◆ DATA PROVIDED

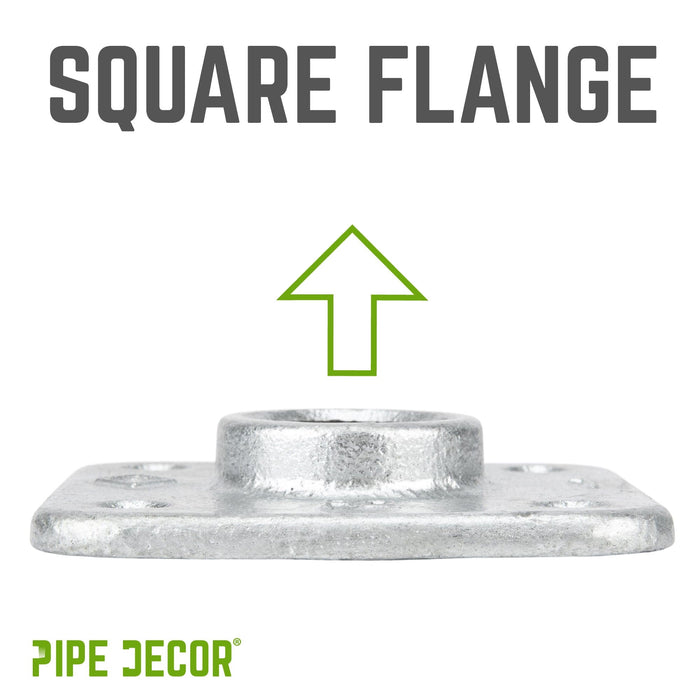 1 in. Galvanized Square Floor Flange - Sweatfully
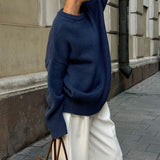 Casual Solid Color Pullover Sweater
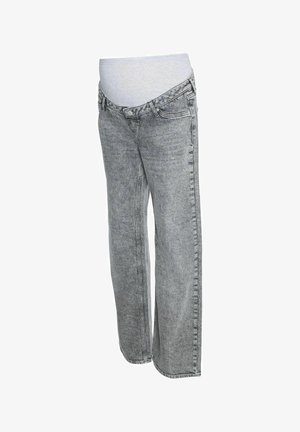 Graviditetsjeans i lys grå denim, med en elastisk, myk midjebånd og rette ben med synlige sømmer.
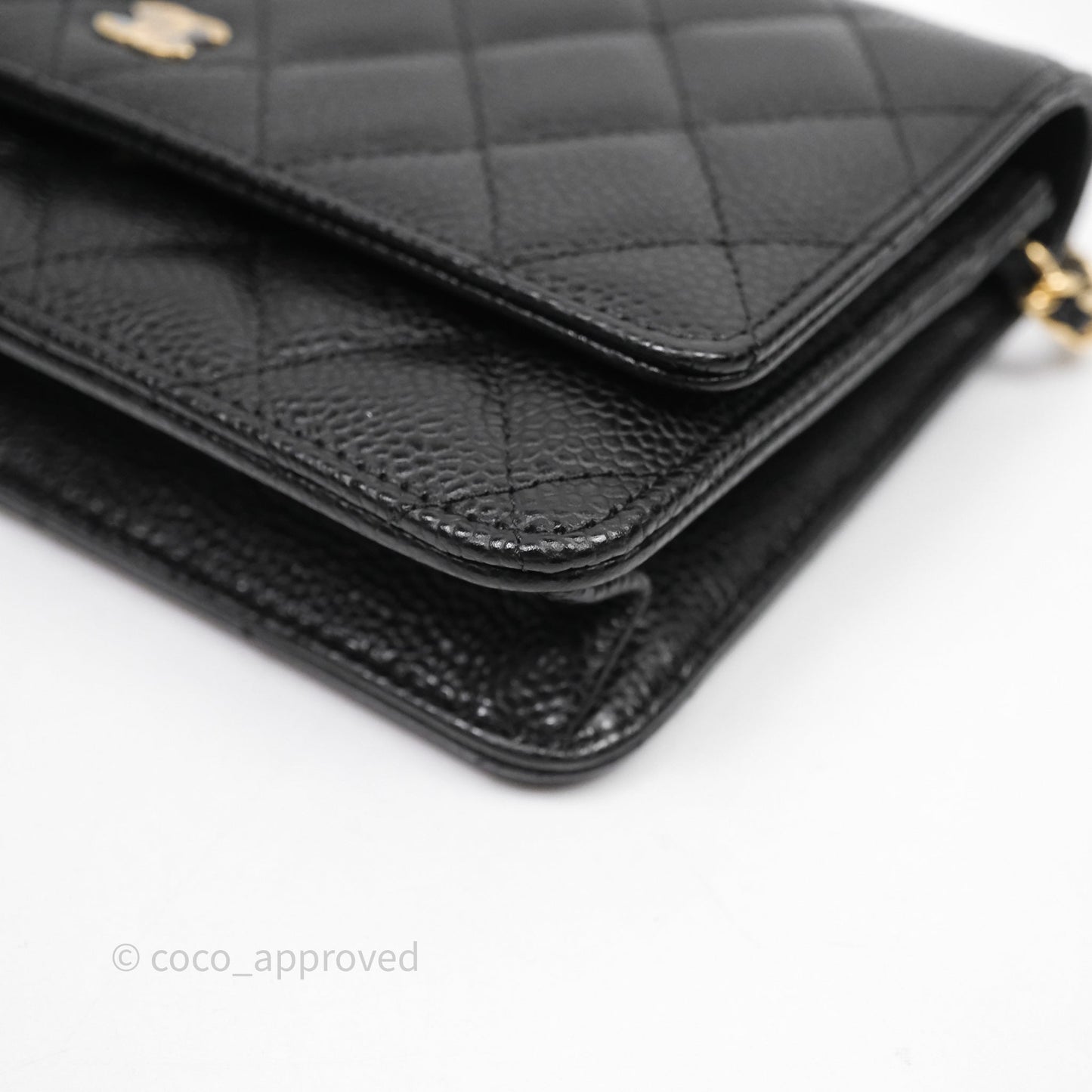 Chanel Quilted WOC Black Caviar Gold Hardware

◆ INSTRUCTIONS TO FOLLOW
Could the material above be given again in full and exactly, with its pictures left out?

◆ EXPECTED ANSWER
 1 in. Galvanized Square Floor Flange - Sweatfully
 Casual Solid Color Pullover Sweater
 Graviditetsjeans i lys grå denim, med en elastisk, myk midjebånd og rette ben med synlige sømmer.
 Chanel Quilted WOC Black Caviar Gold Hardware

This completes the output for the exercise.